When Japan started catching up with the US in certain industries in the 1970s and 1980s, there was a change in American policy. Japan was persuaded to adopt voluntary export restrictions in products like cars and semiconductors. But that was a temporary wobble. It was in 2008 that the US share in world trade fell below 10% and also roughly when China’s share in world trade became larger than America’s. It is an interesting coincidence because the UK also instituted imperial preferences when its share fell below 10%. That was the year that the Americans initiated negotiations on the Trans-Pacific Partnership Agreement (TPP).
In 2001, the US had ushered China into the WTO. But eight years later, the United States was creating a new agreement that China would not be part of. When the U.S. was dominant and had significant bargaining power, it chose to play completely without discriminating. But when its relative dominance and trade started to decline, is when it retreated from MFN. Why is it that a country does not use bargaining power when it is very dominant, but uses bargaining power when it has become less dominant? I think that is one of the most interesting questions. But one reason for the recourse to bargaining tariffs is what is referred to as a “latecomer problem.”
The evolution of the share of trade in output and trade policy, 1990-2020
This is a picture about the evolution of trade and trade policy over the last 30 years. The 1990s, there was significant liberalization, unilateral and as part of free trade agreements. Eastern Europe joined the world trading system, India liberalized, China joined the WTO. The red line is the share of China’s trade in GDP. The gray line is the share of the world trade in world output. You saw a big increase in both shares until about 2008 during this period of liberalization. All this happened until the Great Recession, after which we see a flattening in the share in world trade in global output, and a major decline in China’s share of trade in GDP.

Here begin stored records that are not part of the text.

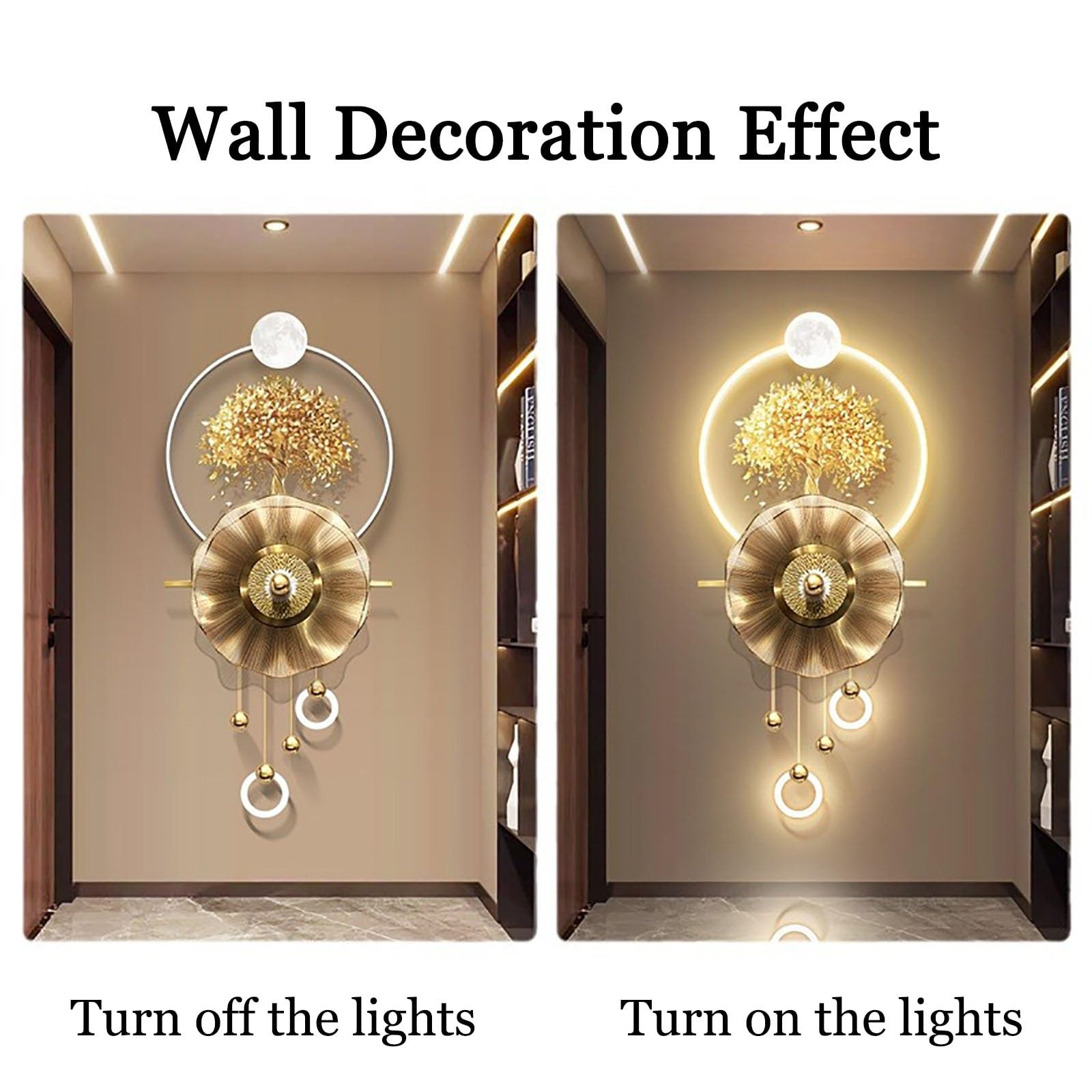 3D Große Wandkunst Dekor mit LED-Beleuchtung für Wohnzimmer und Korridor, kreatives Landschaftsdesign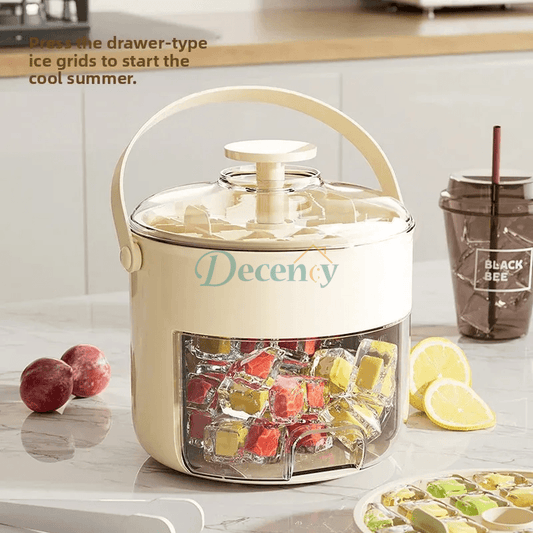 Portable Round Ice Bucket – Drawer Style Large Capacity Ice Tray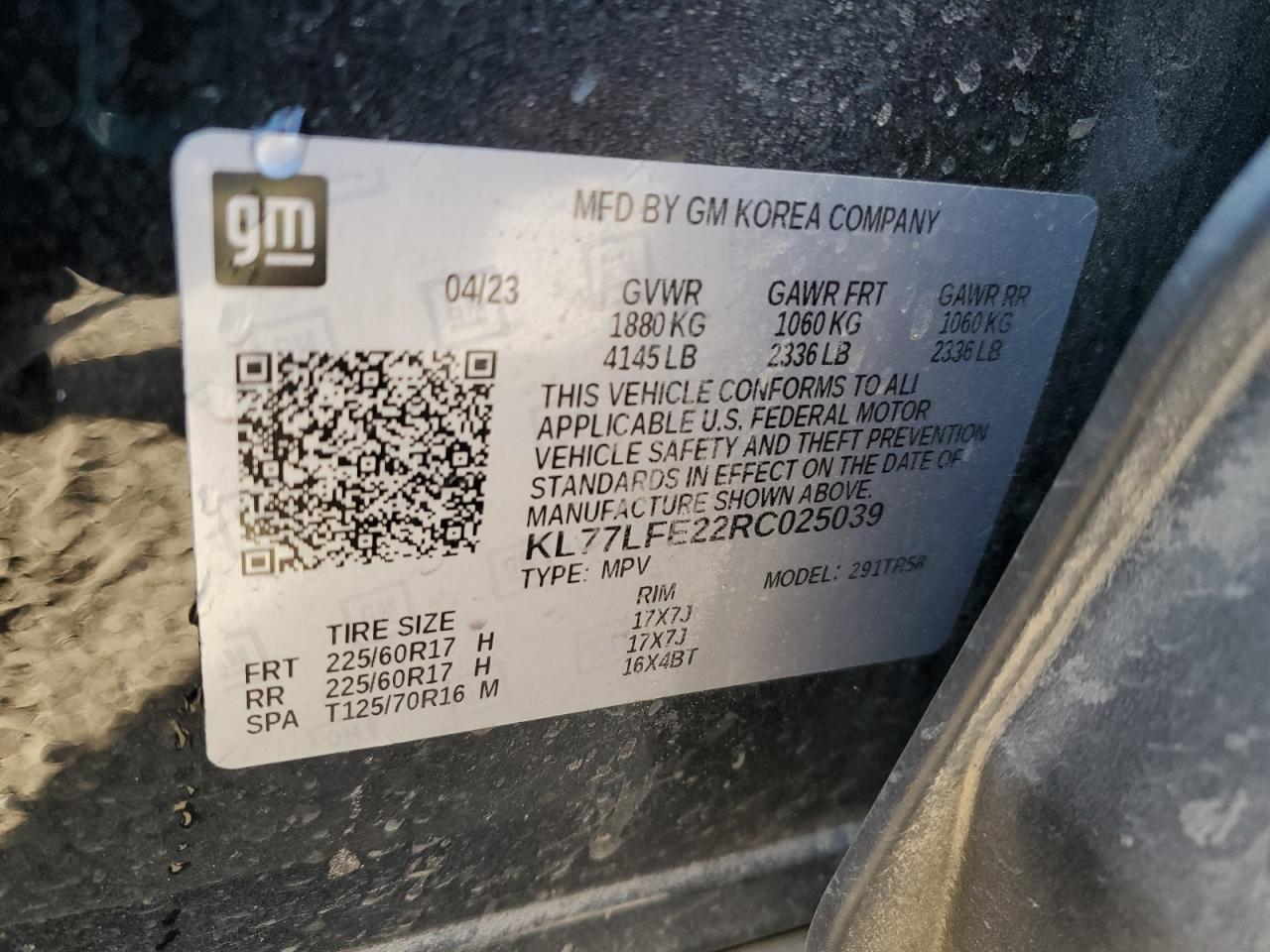 2024 CHEVROLET TRAX LS VIN:KL77LFE22RC025039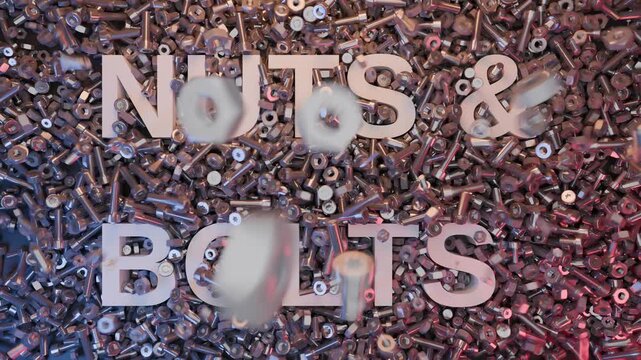 3D animation of nuts and bolts falling from above and covering the floor and text. 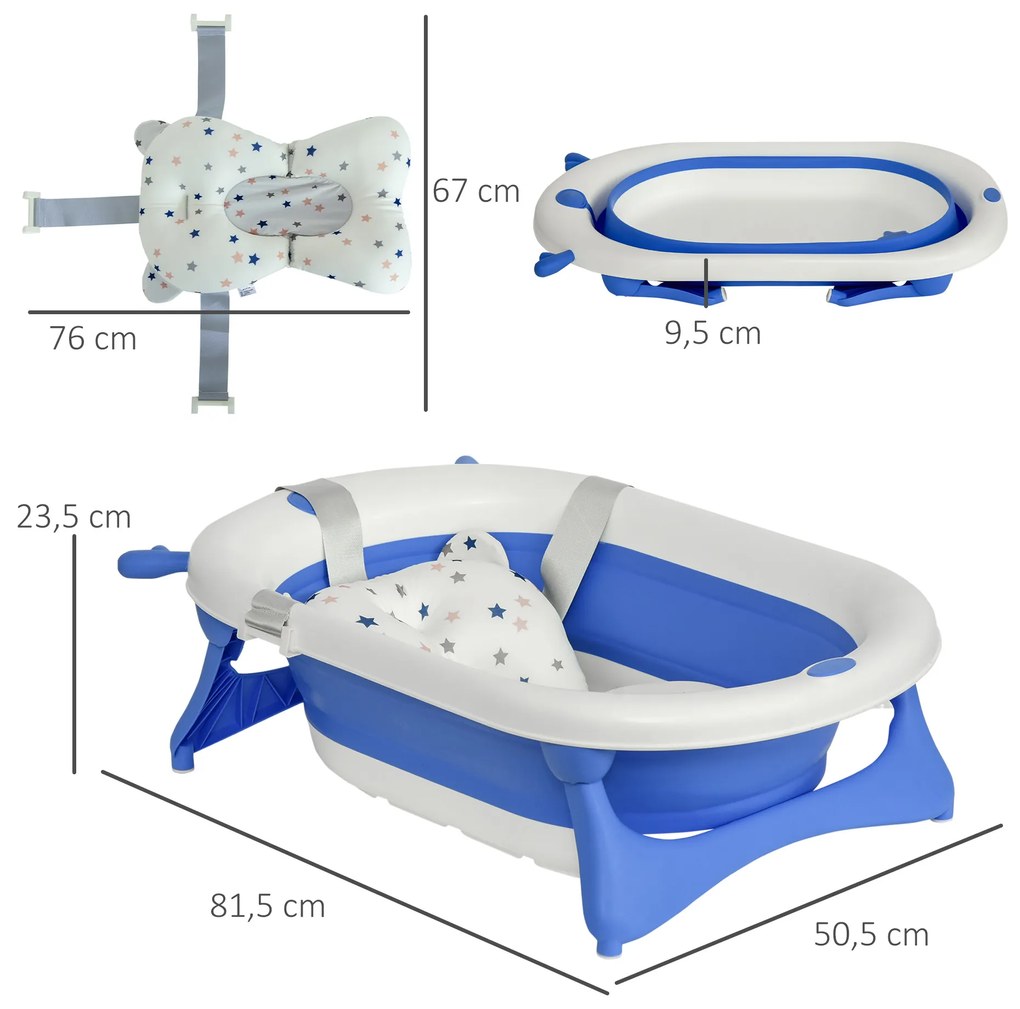 Banheira para Bebé Recém Nascido até 3 Anos Dobrável 30 Litros com Tampa Termossensível e Almofada Confortável Almofadas Antiderrapantes 81,5x50,5x23,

I would argue two things happened to change attitudes to globalization. China’s economic and export growth were much faster than expected. And China’s liberalization of its own market and import growth were much was slower than expected. China opened its markets a lot when it joined the WTO as the “entry price” of accession, which was economically desirable because China reformed. but its level of protection remained higher than that of say Europe and the United States.
The problem arises when one country has already reduced its protection a lot because it has been part of the trading system for a long time and another comes in late with higher levels of protection. Normally, in trade negotiations, countries say "I’ll give you the carrot of my liberalization if you give me the carrot of your liberalization.” But if I do not have much protection, I do not have much to give you. And that is part of the reason why the U.S. changed to say: I will threaten to use the stick of protection to induce you to give the carrot of your liberalization. That changed the rules of the game in a way that was not consistent with the rules of the WTO, which require unconditional MFN. That is one of the main reasons why the WTO is now in a limbo.
And it is happening now because the U.S. finds it less necessary to commit itself to playing by the rules than it did when it was much more dominant. When it was super-dominant, it had to reassure its trading partners that it would adhere to rules, otherwise they could simply walk away and economically disengage which would be costly for the US. Now other countries like China have a big stake in world trade and markets. They cannot credible threaten to walk away and that gives the US more space to exercise power.